I have read some posts Internet websites regarding hollow points not expanding. Do you have any data or an article regarding this?I saw that Hydrashoks are one of the biggest culprits. One comment was that soft tissue had to be hit for expansion to occur. Another comment is that a minimum velocity should be achieved for expansion.

Is the Hornady Critical Defense really the most reliable for expansion, as the manufacturers claim?

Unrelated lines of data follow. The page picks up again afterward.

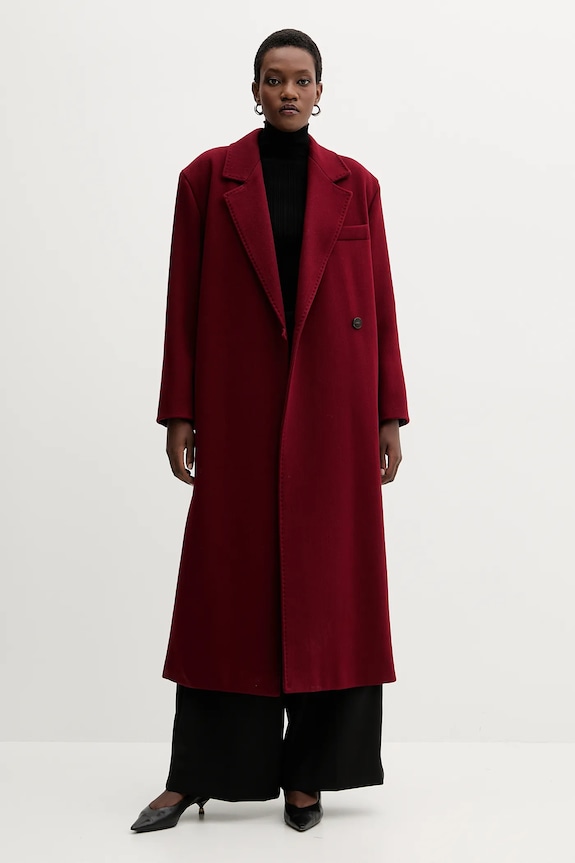 Kabát s vlnou Marella 2523016082200 burgundské AW25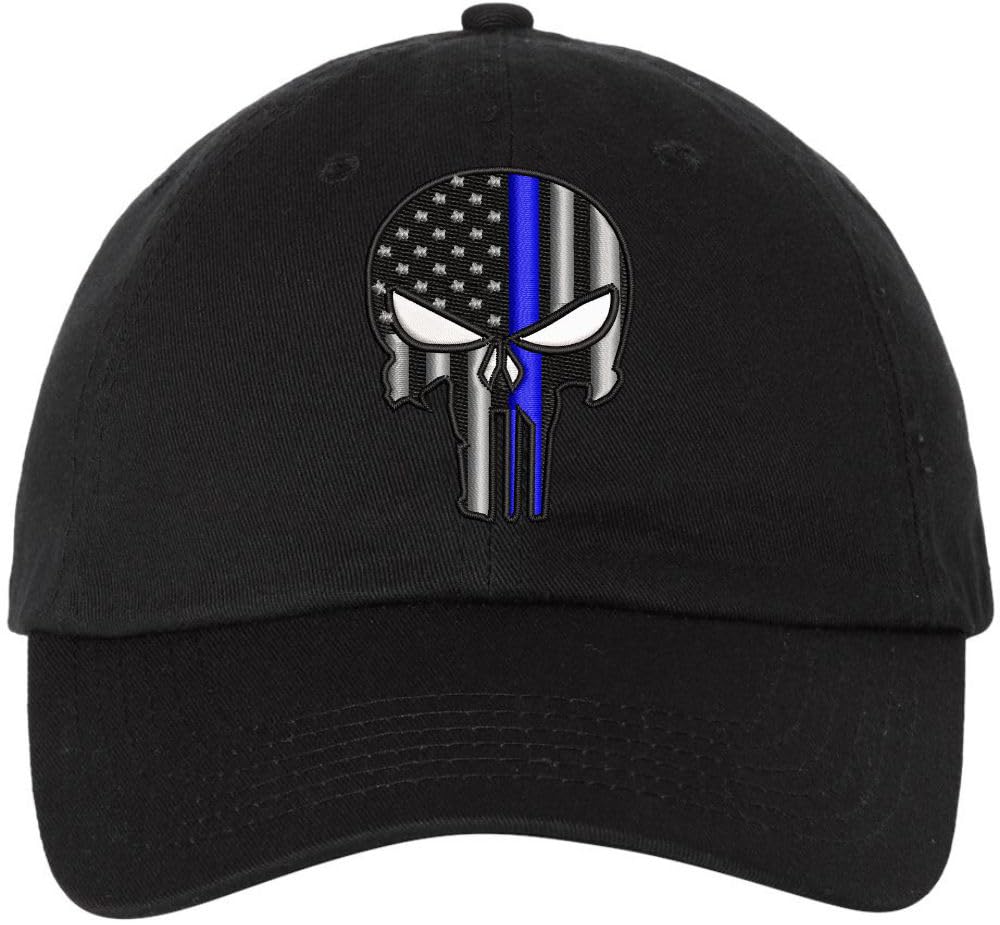 USA Flag Skull Punisher Embroidered Dad Hat American Skull Flag Adjustable Baseball Cap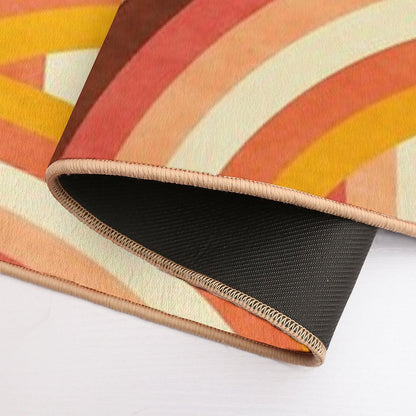 Vintage Orange 70's Style Rainbow Stripes Bath Mat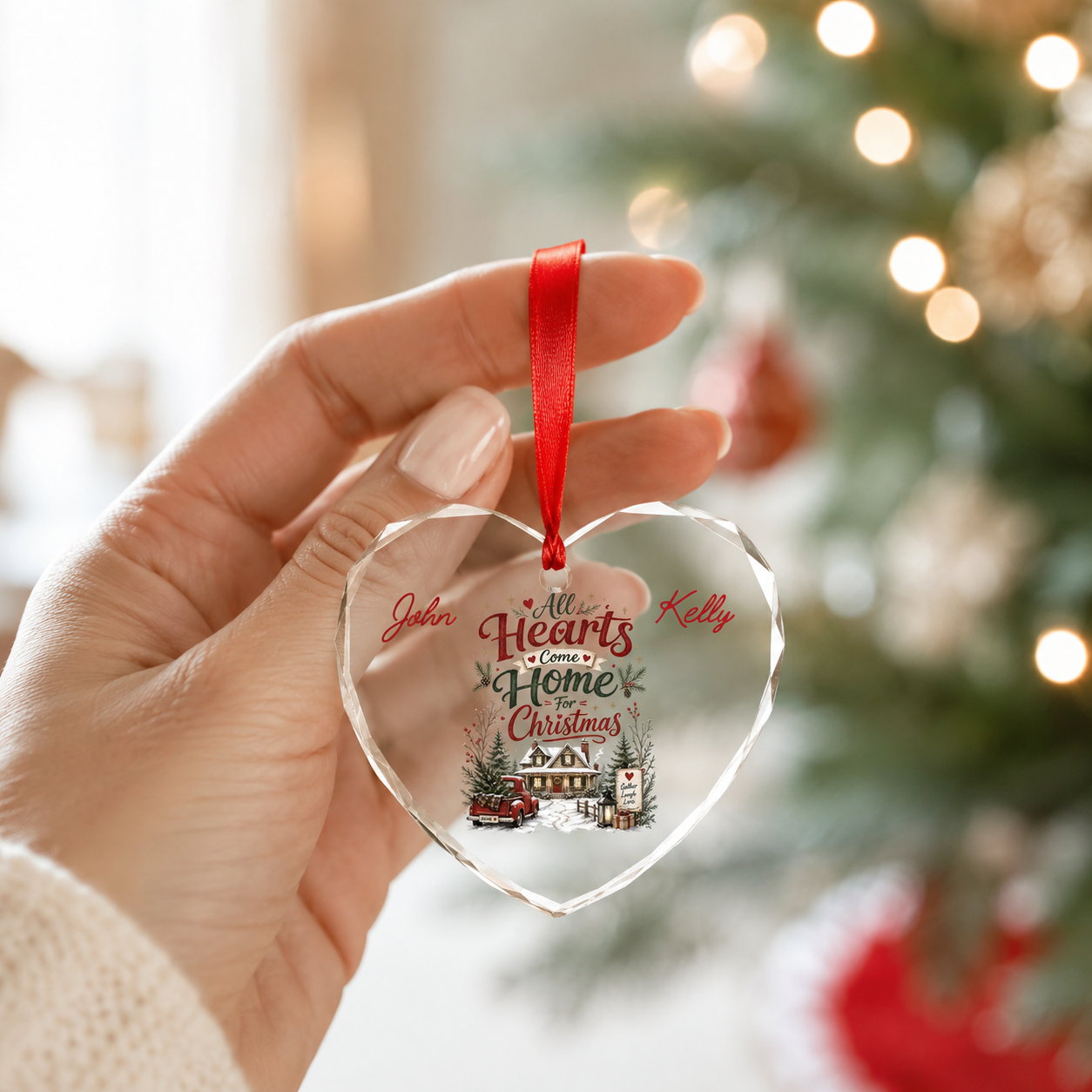 Personalized All Hearts Come Home for Christmas Glass Ornament with Custom Name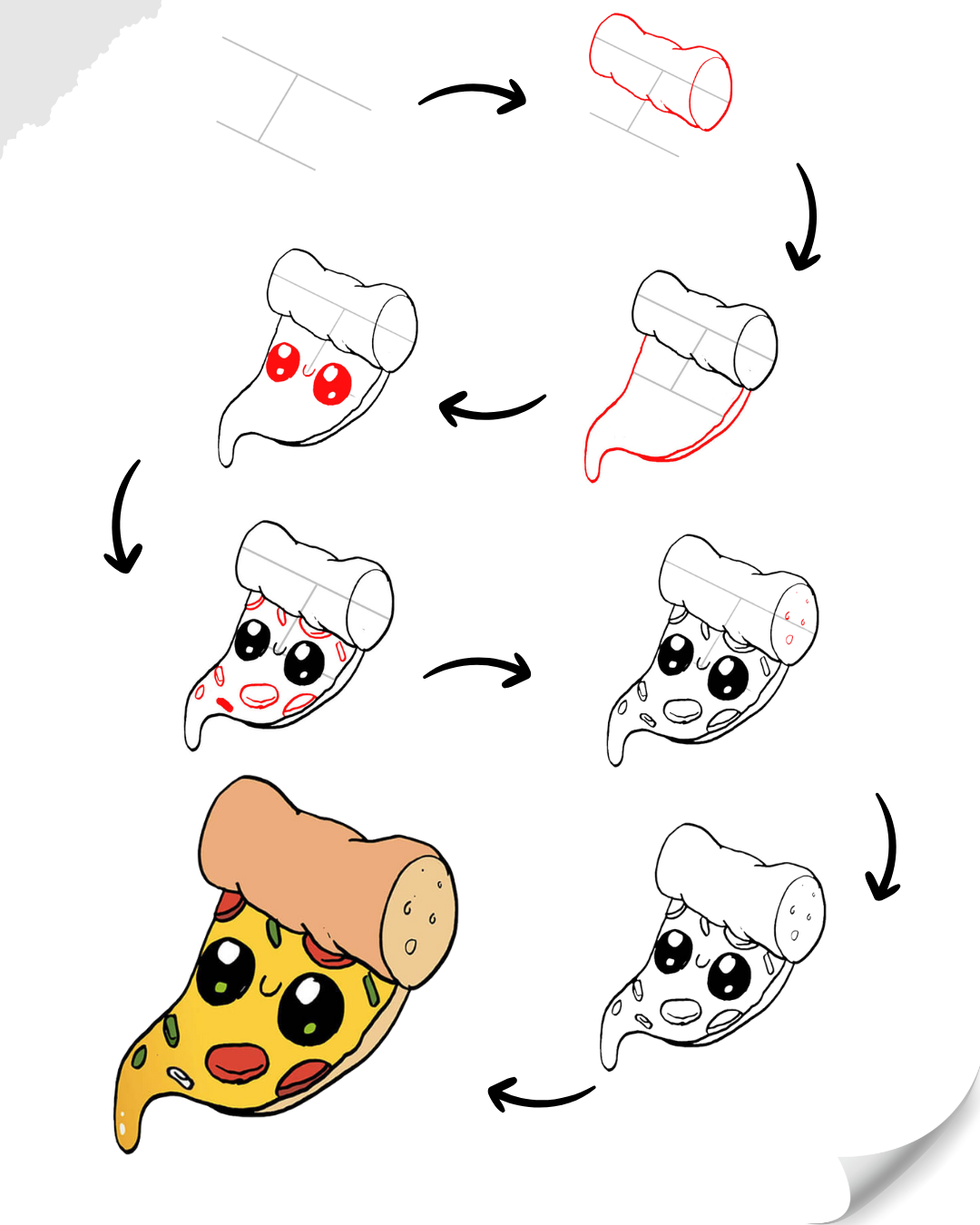 How To Draw Kawaii Pizza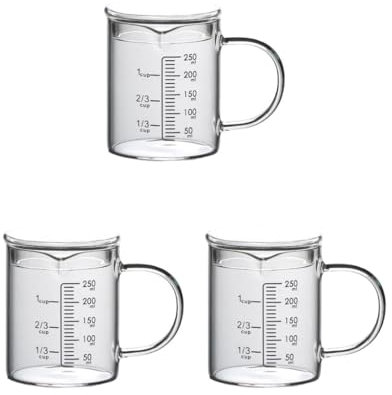 Juego de 3 tazas medidoras de vidrio con tapa con asa multifunción para cocina 250 ml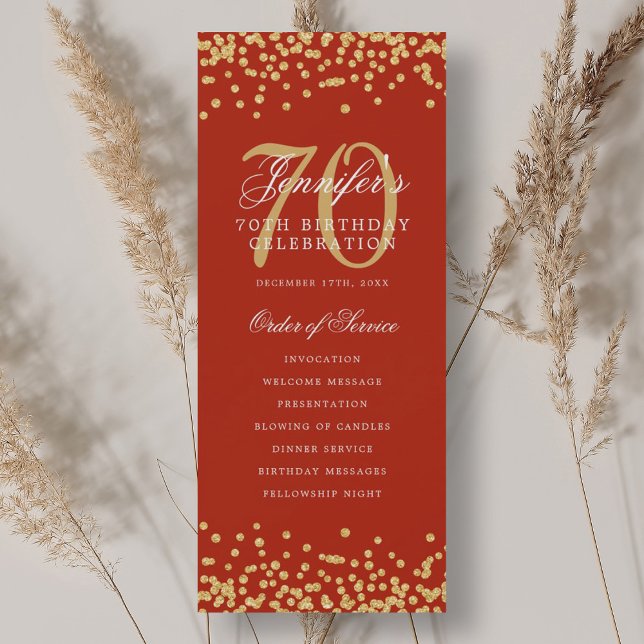 70.º Programa de Cumpleaños Gold Red Confetti (70th Birthday Program Gold Red Confetti)
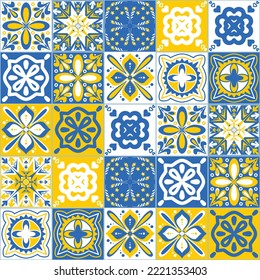 Blue yellow contrast seamless pattern, decorative square ceramic tile, vector illustration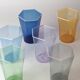 Set of six "Esagonali" glasses by Venini Murano, created by Carlo Scarpa.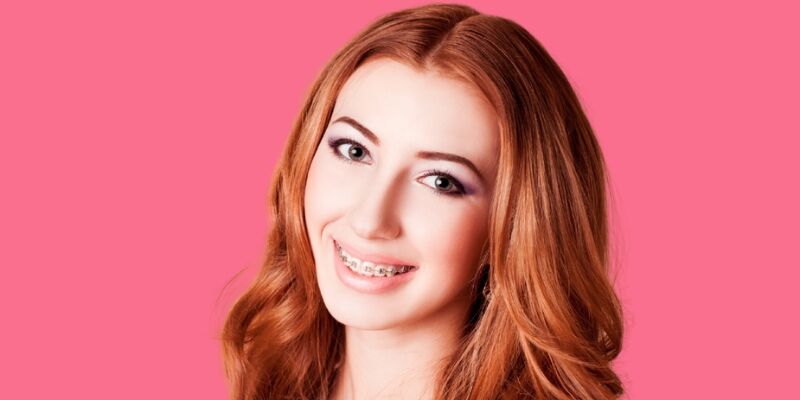 A girl wearing braces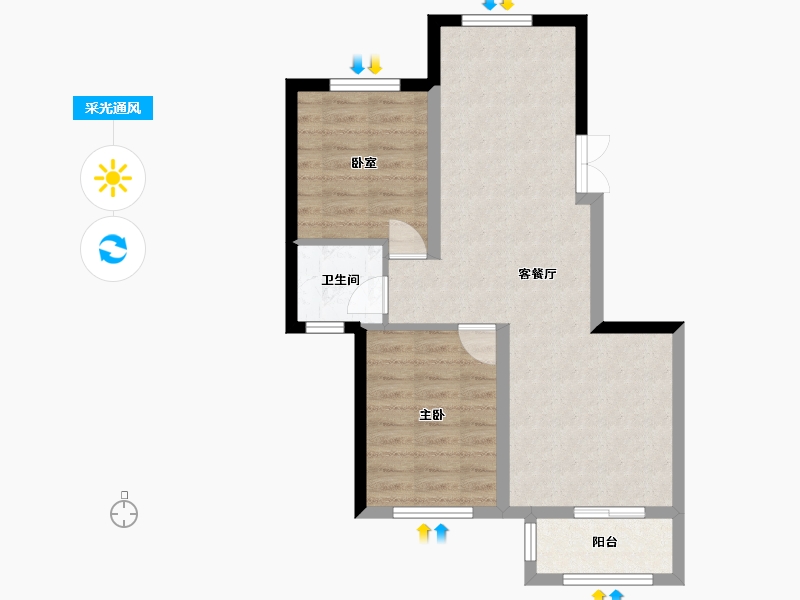 辽宁省-葫芦岛市-晟宇天玺-59.59-户型库-采光通风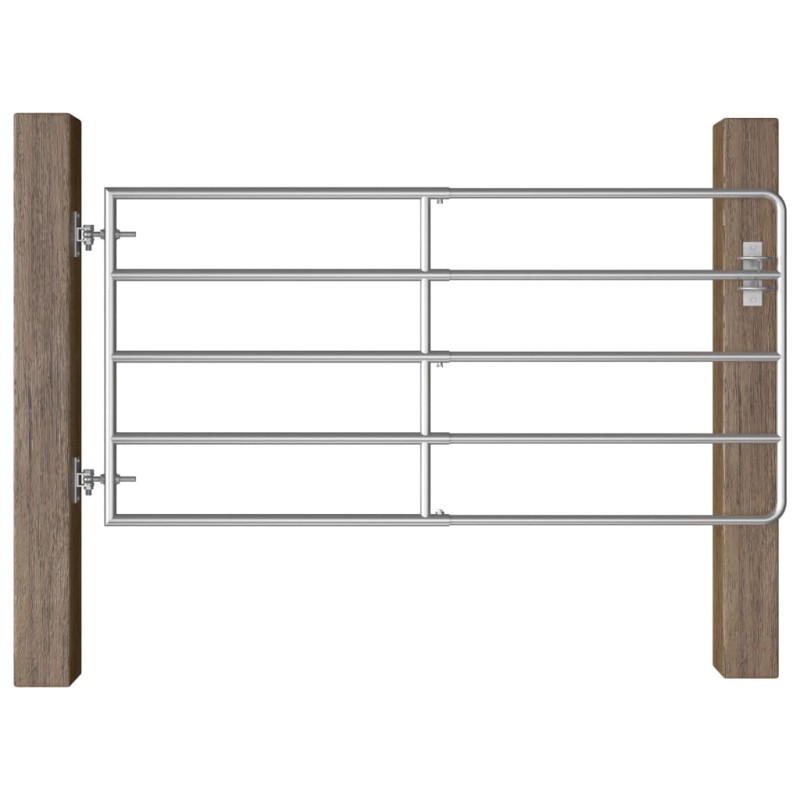 vidaXL 5-Rohr-Weidetor Stahl (95-170)×90 cm Silbern vidaXL 5-Rohr-Weidetor Stahl (95-170)×90 cm Silbern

What ammunition do you recommend for civilian use?

Thanks for your response.

Sent from my iPhone using Tapatalk

Mas Ayoob
06-18-2010, 07:00
CDA, hollow points generally expand from the inside of the cavity outward, due to the tensile pressure of flesh (or simulated flesh, in testing). This is why they can fail to expand if the cavity is plugged by inert substances, which can turn them into flat-nosed ball. The same can occur if the nose is caved inward on contact with a hard surface, as in auto body barrier testing.

I found that the Hydra-Shok in particular worked better in the larger calibers, since this Burczynski design was meant to work off a venturi effect as flesh was diverted outward toward the cavity walls by its trademark center post. With the smaller diameter bullets, the cavity around the post was necessarily smaller also. This left less flesh, creating less pressure. The 9mm was mediocre in expansion compared to the .40 for this reason, and the .45 better than either, in my experience and observation. I still like the .45 Hydra; in the smaller calibers, you can do better.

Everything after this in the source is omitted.